BWW Review: Flying V's SHEILA AND MOBY Refuses to Grow Up--And it's Good News!
Is it a comfort or a curse that no matter where you go and what you do, your most embarrassing childhood antics pop up? And, like, at the least opportune moment imaginable?
Sometimes it seems like a miracle we ever grew up, morphing into responsible, (semi-) competent adults. I have vivid memories reading Kurt Vonnegut's classic Slaughterhouse Five as a teenager; I was fascinated by the passage where the novel's hero Billy Pilgrim, "unstuck in time," has the odd experience of his youthful self watching in awe as his mature, adult self gives a riveting speech to his professional colleagues. Billy is agog at the self-assurance, the booming voice filled with a confidence he couldn't dream of ever having. It happens, but how on earth it happens is anyone's guess. So it goes, as Vonnegut would say.

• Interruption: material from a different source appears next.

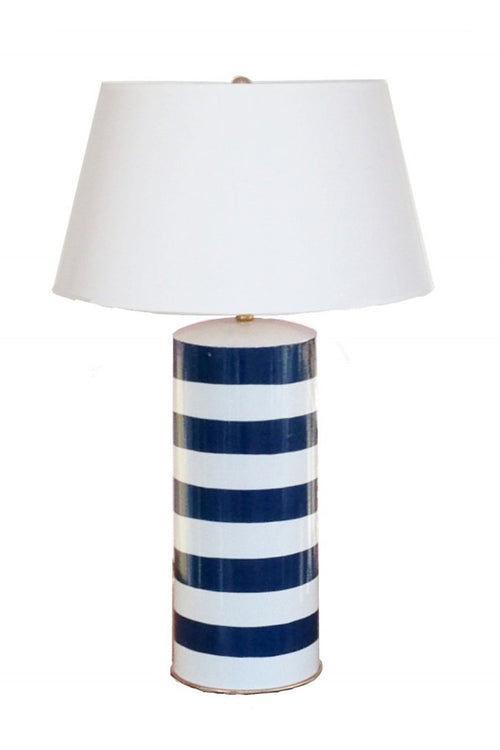 Dana Gibson Striped Lamp in Blue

Playwright Patrick Flynn has come up with a clever, fun, but wistful way to juxtapose childhood folly, adult maturity and yawning gap between the two. Sheila and Moby, Flying V's current offering at the Writer's Center in Bethesda, is directed with assurance and joyful, intricately-choreographed frenzy by Courtney Self and boasts an exuberant cast. Flying V has always done shows with its heart on its sleeve, and this is an especially heart-felt contemplation of the ways in which we can never really escape who we once were.

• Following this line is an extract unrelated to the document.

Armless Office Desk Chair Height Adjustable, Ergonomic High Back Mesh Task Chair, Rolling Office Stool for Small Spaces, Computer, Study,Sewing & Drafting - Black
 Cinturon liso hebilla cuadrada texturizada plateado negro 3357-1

Sheila and Moby centers on a newly-promoted banking official, Sheila (the sensational Madelaine Key), who has made her reputation building Trumpian walls as a hedge against the cock-eyed optimism of her clients. Her prim, banker persona, ready to say "no" at the drop of a deposit-desk pen, is shaken from her complacency by a call out of the blue from a desperate 6-year-old.
The rabbit hole into which Sheila now falls is occupied by precocious six-year-old Courtney (the effervescent Cassie Cope), who has found an old handbill Sheila passed around the neighborhood when her grade-school self wanted to be a sleuth. Courtney, who lives across the street from Sheila's childhood home, believes someone has kidnapped her beloved stuffed koala, and has called for the services of Sam Speedometer, Private Eye (ahem, Sheila's alter ego of yesteryear).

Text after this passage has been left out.